### ASSIGNED TASK:
From the line with "Camisa de Hombre" through the line with "GI M16 30 Round Woodland Double Mag Pouch", inclusive, return each line of the data below exactly and leave the rest out.

[Stored entries]
★ ★ ★ ★ ★ ★ ★
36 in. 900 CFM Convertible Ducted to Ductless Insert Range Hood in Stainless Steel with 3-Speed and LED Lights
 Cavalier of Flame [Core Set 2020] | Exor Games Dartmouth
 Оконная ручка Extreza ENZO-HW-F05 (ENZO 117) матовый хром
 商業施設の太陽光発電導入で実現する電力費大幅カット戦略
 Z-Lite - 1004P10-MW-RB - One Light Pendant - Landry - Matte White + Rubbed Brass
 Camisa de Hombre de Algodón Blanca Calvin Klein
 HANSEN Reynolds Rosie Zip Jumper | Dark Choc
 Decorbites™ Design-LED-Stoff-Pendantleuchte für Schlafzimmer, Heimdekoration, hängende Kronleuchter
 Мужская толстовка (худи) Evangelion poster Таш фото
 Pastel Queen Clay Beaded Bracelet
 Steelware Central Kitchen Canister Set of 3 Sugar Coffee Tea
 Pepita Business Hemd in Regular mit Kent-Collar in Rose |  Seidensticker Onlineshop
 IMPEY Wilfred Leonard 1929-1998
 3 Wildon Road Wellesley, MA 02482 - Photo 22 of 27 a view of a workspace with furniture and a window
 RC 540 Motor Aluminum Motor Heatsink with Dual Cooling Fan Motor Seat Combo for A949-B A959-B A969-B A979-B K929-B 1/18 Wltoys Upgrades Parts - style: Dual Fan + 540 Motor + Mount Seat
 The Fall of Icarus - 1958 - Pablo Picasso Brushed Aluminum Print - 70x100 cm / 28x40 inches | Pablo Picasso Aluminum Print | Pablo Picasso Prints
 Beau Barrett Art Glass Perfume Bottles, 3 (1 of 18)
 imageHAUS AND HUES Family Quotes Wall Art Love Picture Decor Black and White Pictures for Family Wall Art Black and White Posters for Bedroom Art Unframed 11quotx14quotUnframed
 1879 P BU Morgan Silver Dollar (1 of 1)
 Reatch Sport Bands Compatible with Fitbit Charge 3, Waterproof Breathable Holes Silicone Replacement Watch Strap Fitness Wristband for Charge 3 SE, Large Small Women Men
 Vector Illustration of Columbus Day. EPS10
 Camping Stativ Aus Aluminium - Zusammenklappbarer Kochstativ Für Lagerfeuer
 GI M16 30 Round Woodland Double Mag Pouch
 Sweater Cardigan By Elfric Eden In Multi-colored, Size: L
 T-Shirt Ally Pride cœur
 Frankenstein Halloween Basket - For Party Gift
★ ★ ★ ★ ★ ★ ★
### REPLY TO THE EXERCISE:
 Camisa de Hombre de Algodón Blanca Calvin Klein
 HANSEN Reynolds Rosie Zip Jumper | Dark Choc
 Decorbites™ Design-LED-Stoff-Pendantleuchte für Schlafzimmer, Heimdekoration, hängende Kronleuchter
 Мужская толстовка (худи) Evangelion poster Таш фото
 Pastel Queen Clay Beaded Bracelet
 Steelware Central Kitchen Canister Set of 3 Sugar Coffee Tea
 Pepita Business Hemd in Regular mit Kent-Collar in Rose |  Seidensticker Onlineshop
 IMPEY Wilfred Leonard 1929-1998
 3 Wildon Road Wellesley, MA 02482 - Photo 22 of 27 a view of a workspace with furniture and a window
 RC 540 Motor Aluminum Motor Heatsink with Dual Cooling Fan Motor Seat Combo for A949-B A959-B A969-B A979-B K929-B 1/18 Wltoys Upgrades Parts - style: Dual Fan + 540 Motor + Mount Seat
 The Fall of Icarus - 1958 - Pablo Picasso Brushed Aluminum Print - 70x100 cm / 28x40 inches | Pablo Picasso Aluminum Print | Pablo Picasso Prints
 Beau Barrett Art Glass Perfume Bottles, 3 (1 of 18)
 imageHAUS AND HUES Family Quotes Wall Art Love Picture Decor Black and White Pictures for Family Wall Art Black and White Posters for Bedroom Art Unframed 11quotx14quotUnframed
 1879 P BU Morgan Silver Dollar (1 of 1)
 Reatch Sport Bands Compatible with Fitbit Charge 3, Waterproof Breathable Holes Silicone Replacement Watch Strap Fitness Wristband for Charge 3 SE, Large Small Women Men
 Vector Illustration of Columbus Day. EPS10
 Camping Stativ Aus Aluminium - Zusammenklappbarer Kochstativ Für Lagerfeuer
 GI M16 30 Round Woodland Double Mag Pouch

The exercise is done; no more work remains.